Jazz Diary 杉田宏樹のジャズダイアリー
セブンオークスとコラボレートしている音楽評論家の杉田宏樹さんによる「ライブ・ダイアリー」です。
東京での初企画クラブ・ライヴ
2009年03月30日
大阪を拠点に活躍する清水ひろみは、ライヴ・ハウスを経営し、後進の指導にもあたっており、関西で一国一城を築いて久しいヴォーカリストだ。今夜は代々木NARUへの2度目の出演。ピアノ井上ゆかり、ヴァイオリン里見紀子との共演である。この2人は共演機会が多いが、清水とは今夜が初めて。

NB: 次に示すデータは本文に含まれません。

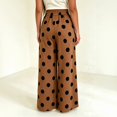 thumbnail image 3 of Stralyhd Womens Polka Dots Pants Casual Loose Wide Leg Flowy Pants Elastic Waisted Vacation Long Lounge Trousers with Pockets Coffee XL, 3 of 3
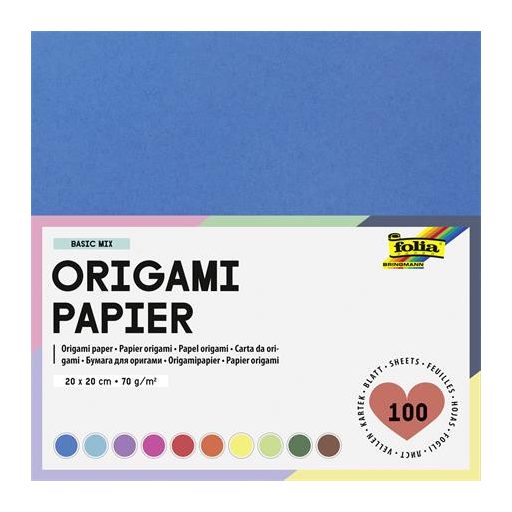 Origami papír, 20x20 cm, 70 g, 100 lap, FOLIA, vegyes színek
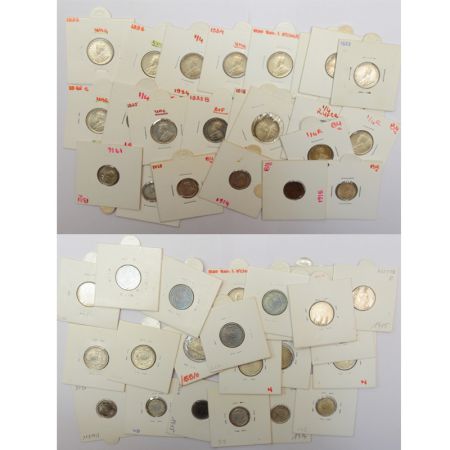 A group of 23 George V silver coins, includes 17x ¼ rupee and 6x 2 annas, Bombay and Calcu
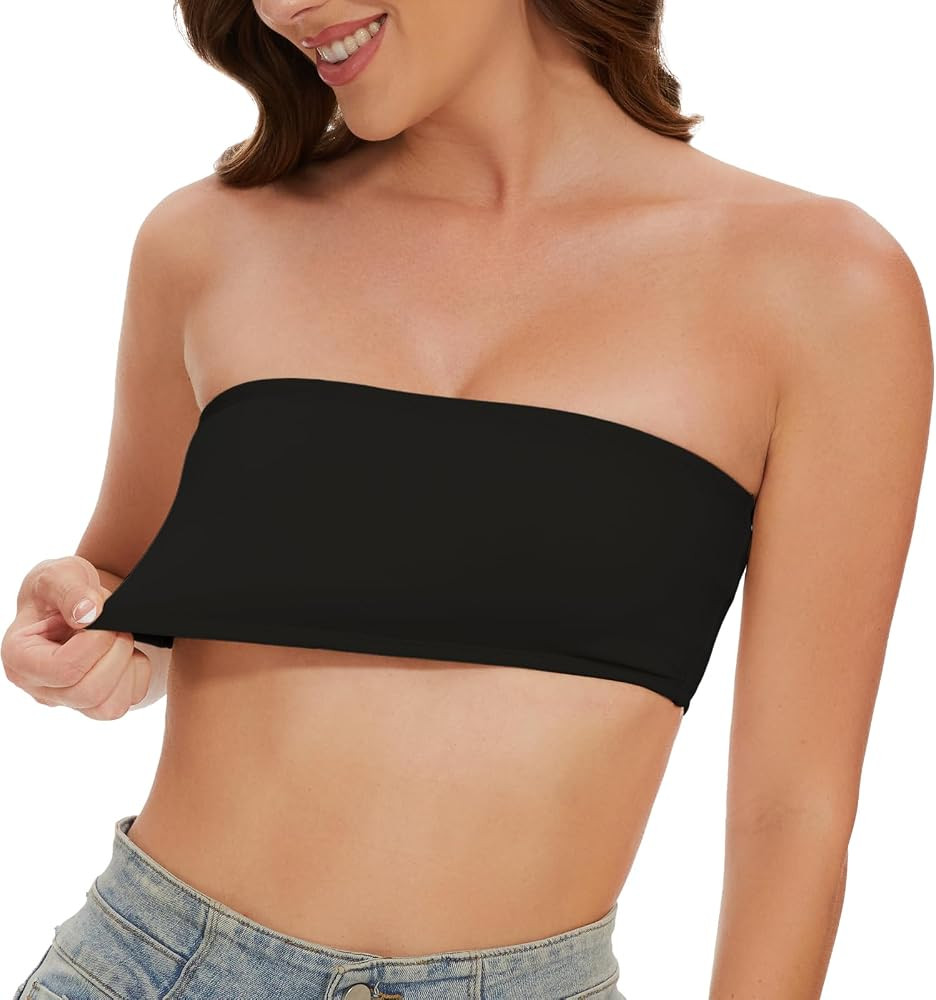 Women's Sports Bandeau Causal Tube Top Bra Strapless Wireless Non-Slip Detachable Padded Seamless... | Amazon (US)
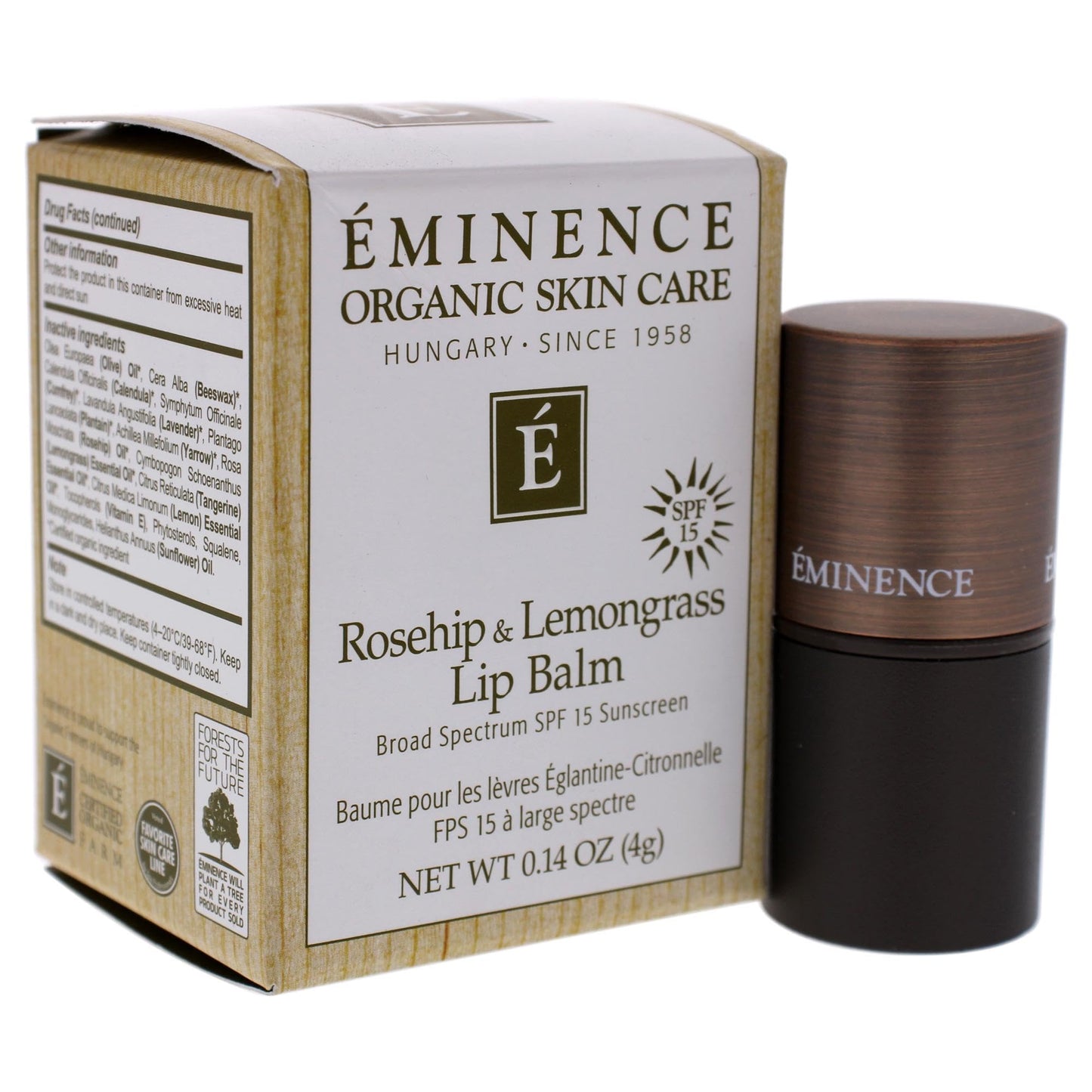 Eminence Organic Skincare Rosehip & Lemongrass Lip Balm SPF 15, 0.14 Oz, 24 Count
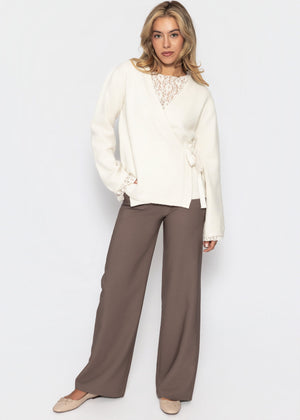Anzughose mit geradem Bein - taupe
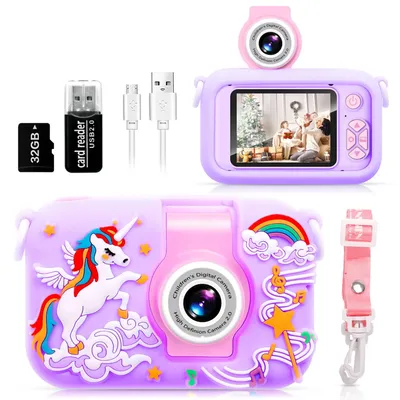 Kids Camera,ARNSSIEN 180° Flip Lens Camera for Kid,2.4in IPS LCD Digital Camera with Silicone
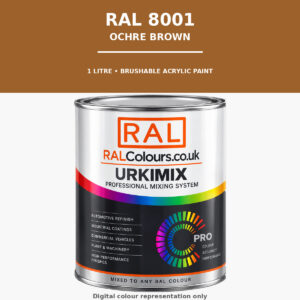 RAL 8001 Ochre brown Brushable Acrylic Paint 1 Litre Tin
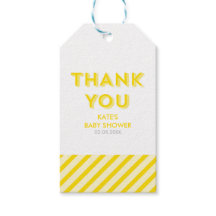 Bandas Amarelas Modernas Obrigado Chá de fraldas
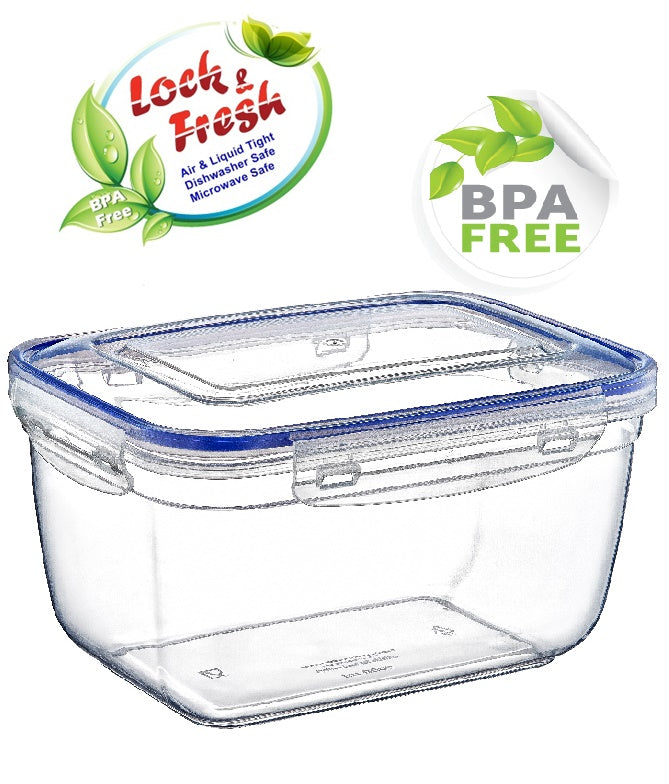 Plastic Rectangle Food Storage Container with Lid. (4 pcs) (550/1000/1800/3000 ml).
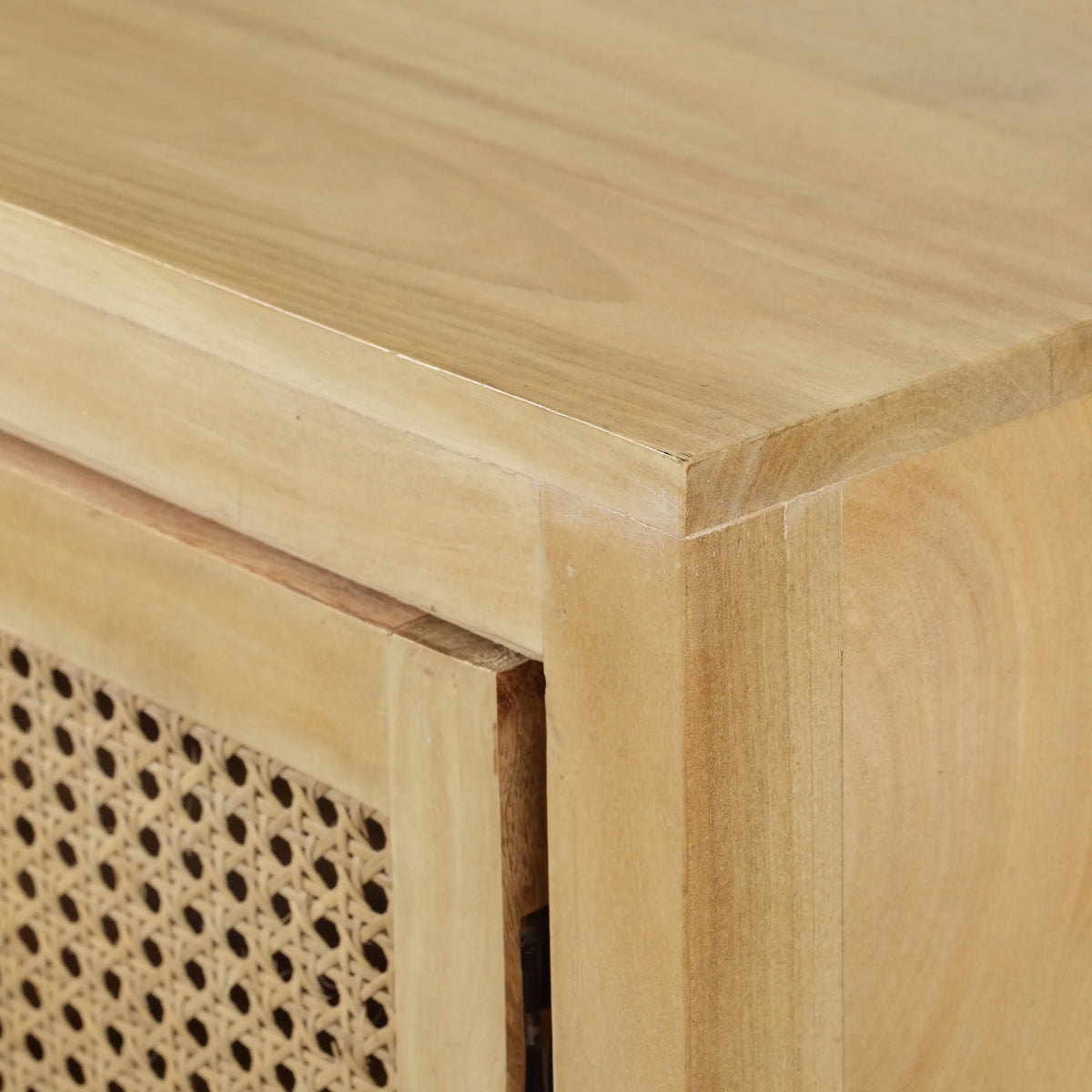 2 Door Mango Wood Cabinet with Wicker Caning W524583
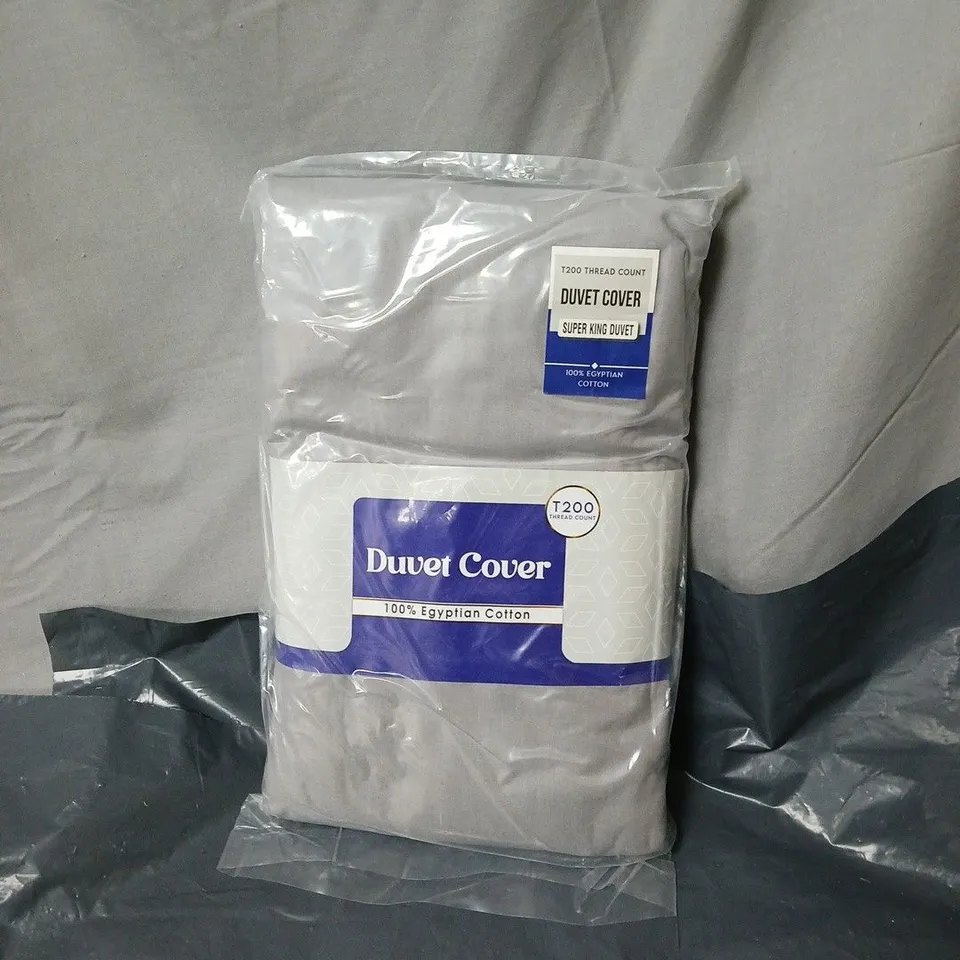DUVET COVER SET – 100% EGYPTIAN COTTON, T200 THREAD COUNT, SUPER KING, GREY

以前、あるライヴのバックステージで挨拶したことが、今夜の共演に繋がったという。例えばトリオがバックの場合、3人のうちの2人が慣れた共演関係であれば、安定したサウンドが保証されるという定説にしたがえば、当夜の井上&里見は清水にとって、これ以上なく頼りがいのある共演者ということになろう。前回観た時の清水は怪我をして腕を吊っていたが、すっかり健康を取り戻した様子。でもこの初共演と、ジャズ関係者を含む多数の観客を前にして、やや緊張したような印象のステージだった。インスト・パートでは、井上と里見とのやりとりが聴きもの。今後の予定はわからないが、回を重ねるにしたがって、このトリオならではの表現性が深みを増していくと思った。